The Avro Lancaster as A-Bomb Carrier

Written by Ryan Crierie on Friday, January 21, 2011 at 10:54 pm

For a brief time, paper studies were done concerning the use of reverse-lend-leased Avro Lancasters to carry the Atomic Bomb.

On paper it was theoretically possible from what I understand, due to the huge size of the Lancaster’s bomb bay. But when it was looked into in detail, it was not to be for several reasons.

1.) The flight crew could not access the bomb bay in flight on the Lancaster. This was required as a regular evolution both in training and the actual flight to arm the device via either inserting the powder charges and last half of the fissile material (Little Boy) or pulling the Arming Plugs (Fat Man).

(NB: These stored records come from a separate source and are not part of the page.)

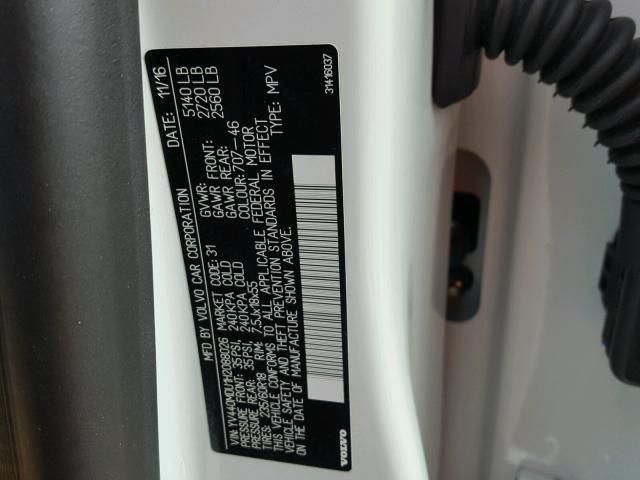 YV440MDU1H2088026 - 2017 VOLVO XC60 T5 WHITE photo 10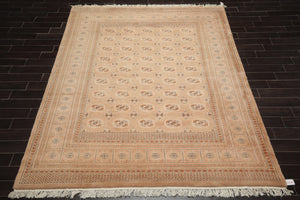 8'3" x 10'5" Hand Knotted 100% Wool Pakistan Bokhara 200 KPSI Oriental Area Rug Apricot - Oriental Rug Of Houston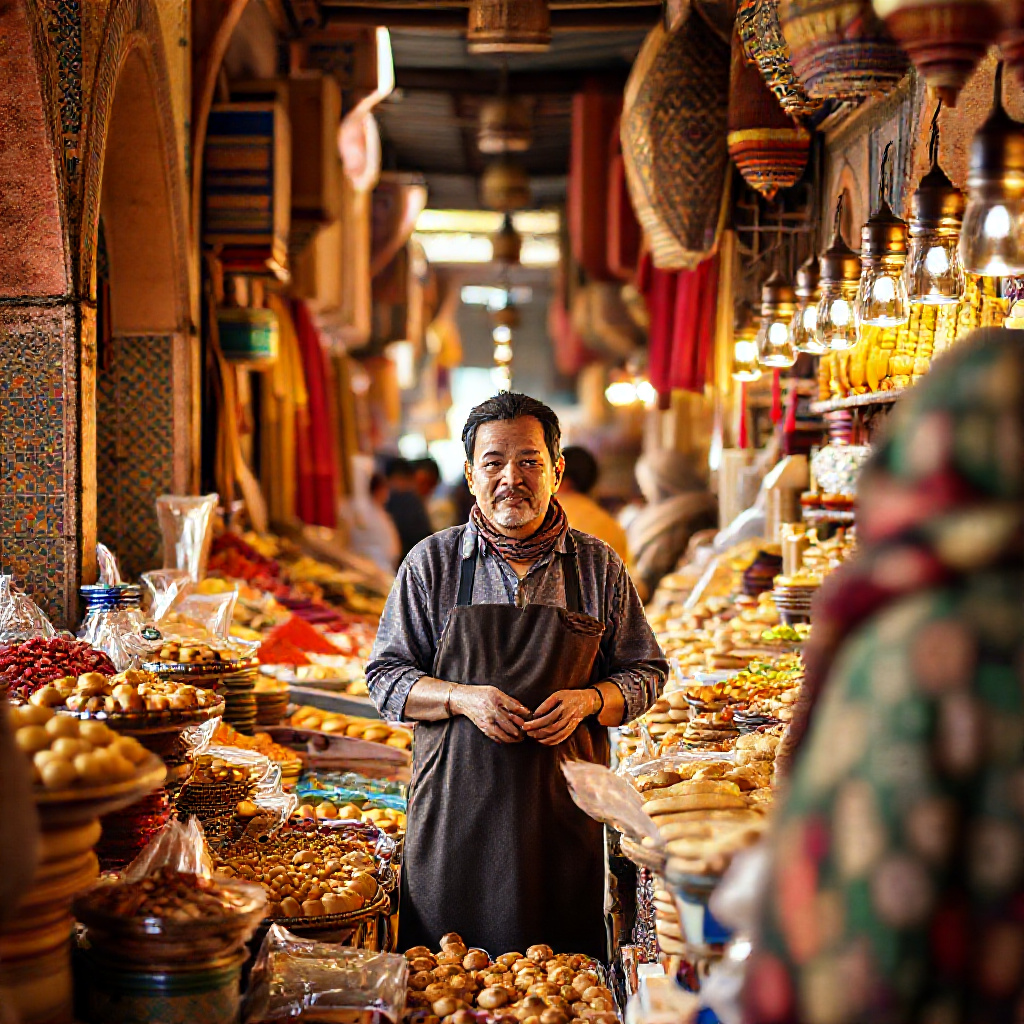 Takumi in a Moroccan market, speaking with a spice vendor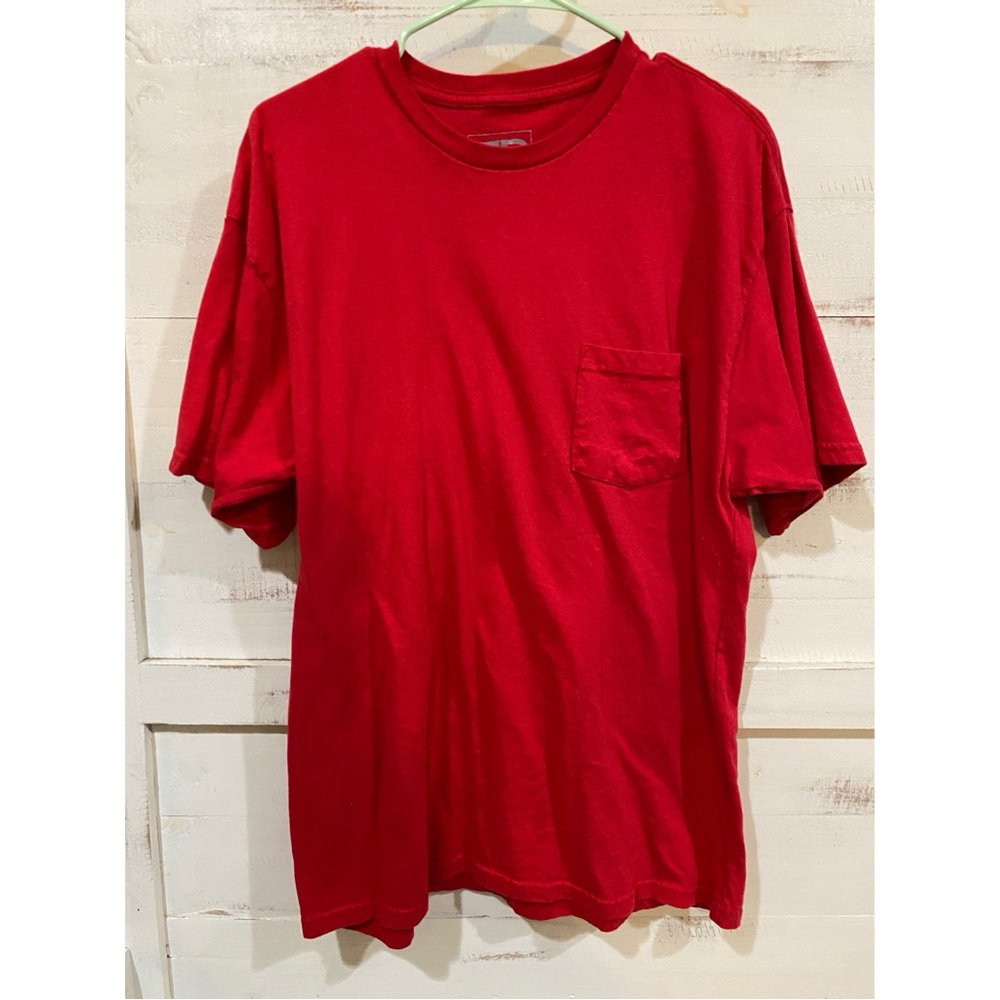 Real-Ranch Workwear Solid Red Mens Cotton Shirt XL - Short Sleeves Pocket Shirt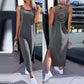 Rochie de culoare solidă de lungime medie pentru femei, cu design decupat în spate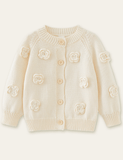 Flower Embroidered Knitted Sweater Cardigan - CCMOM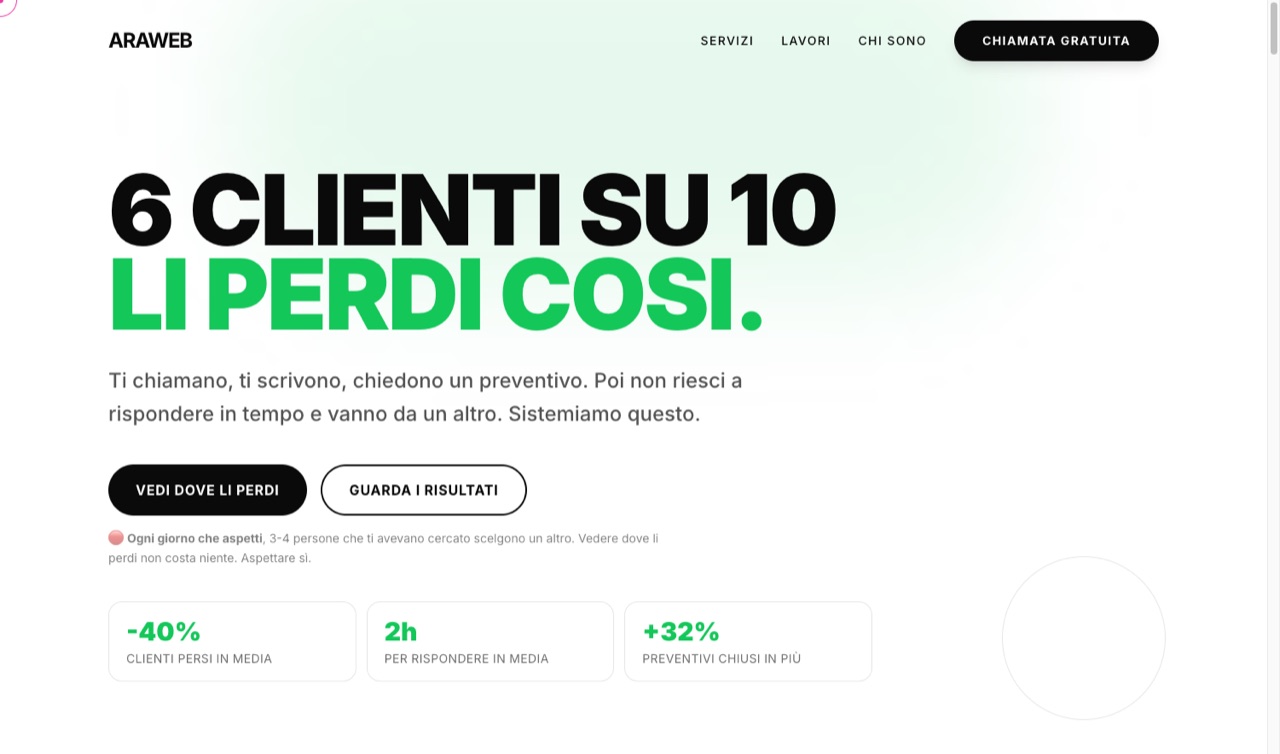 Homepage del sito AraWeb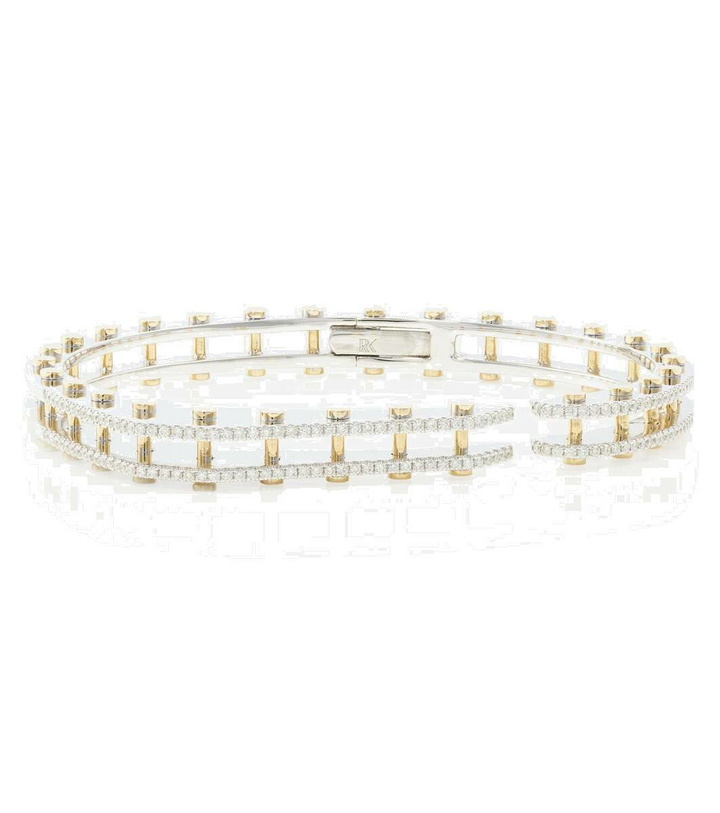 Photo: Rainbow K Cyborg 14kt yellow and white gold bracelet with diamonds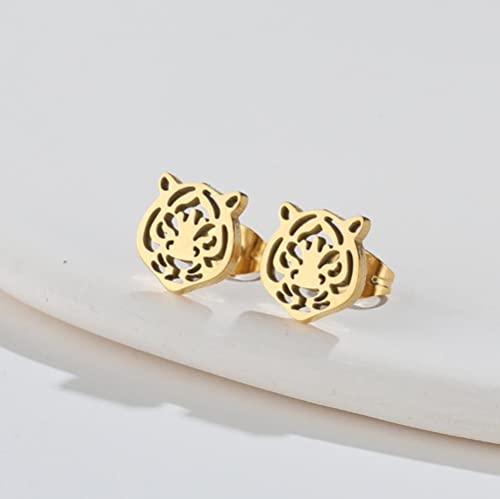 Simple Tiger Head Stud Earrings Stainless Steel for Women Teen Girls Hollow Animal Cartilage Pierced Hypoallergenic Studs Earring Cute Jewelry Gifts3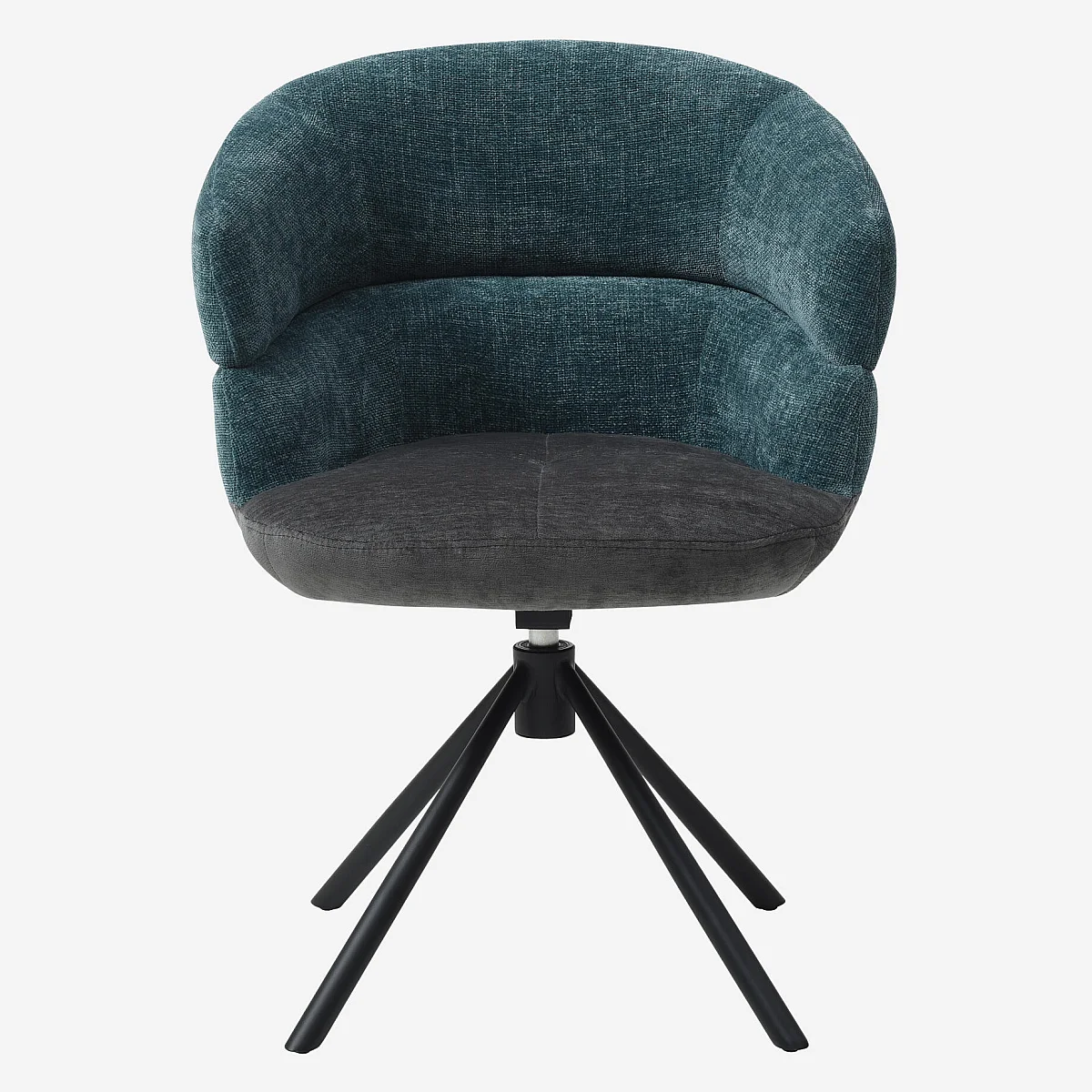 Set van 2 draaibare stoelen van textiel en zwart metaal met armleuningen - Antraciet grijs en eend blauw - 5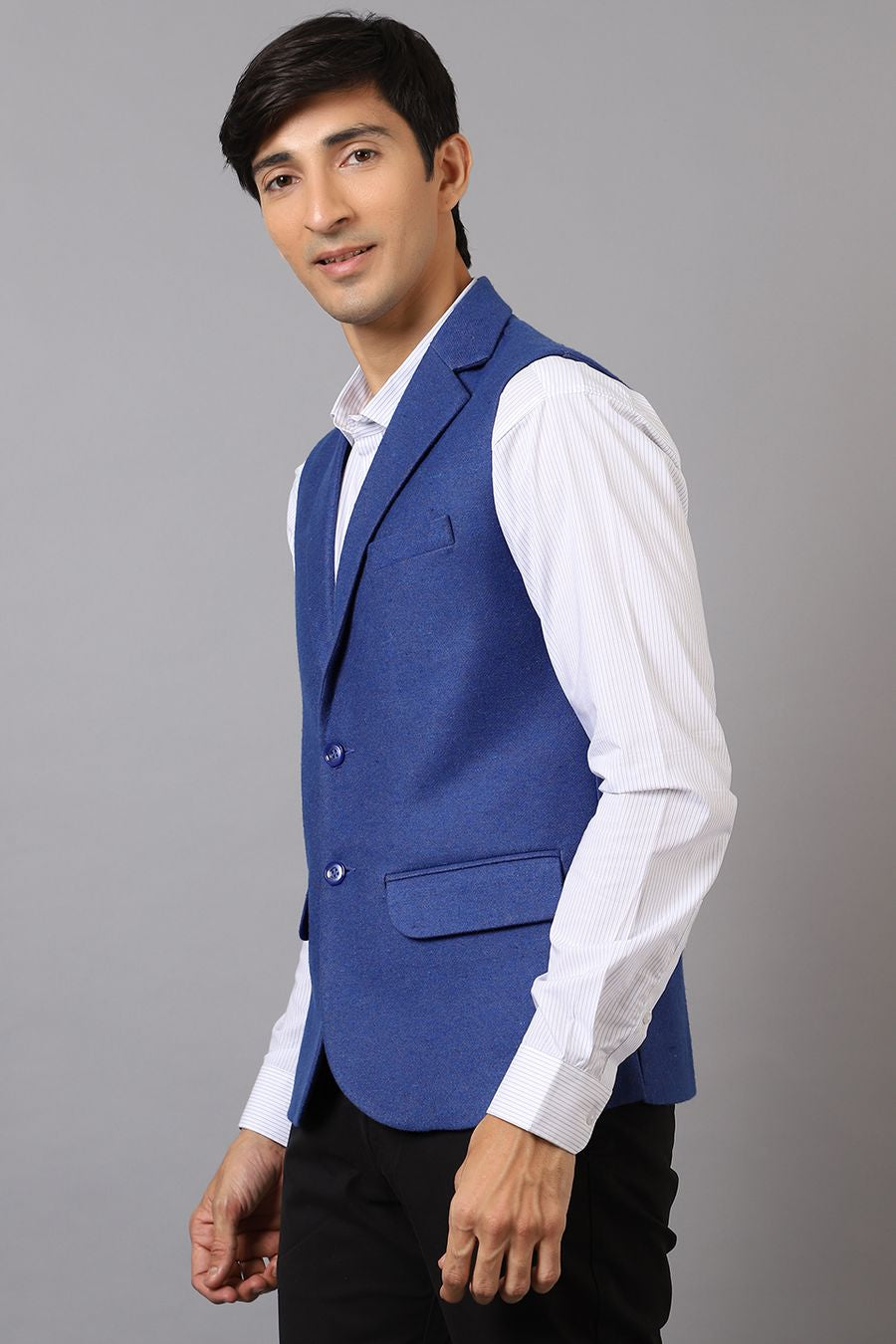 Tweed Blue Modi Nehru Jacket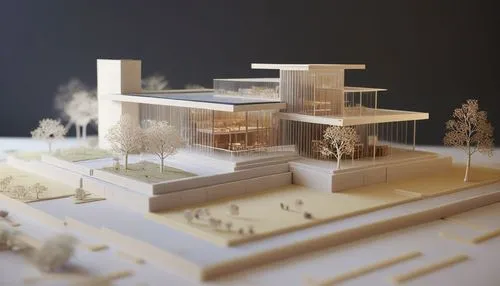 model of building with trees and buildings in the background,prefab,crown render,prefabricated,prefabrication,renders,model house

2.) The Lancaster flew too slow and low to be survivable as a delivery platform for a non-parachute retarded atomic bomb. The B-29 was able to just barely get by due to the fact it flew much higher and faster than the Lancaster, and even then they had to do a violent corkscrew manouver to escape most of the blast wave’s force.

Why was parachute retardation not used?

There was very serious concern that the enemy would shoot at the bomb as it drifted to detonation altitude and dud it.

To guard against this, Fat Man had a 3/8″ thick steel case weighing 2,830 pounds.

Post-war when the nuclear inventory was not as sparse as it was during the early years, the armored casings went away, and parachute retardation became an acceptable tactic.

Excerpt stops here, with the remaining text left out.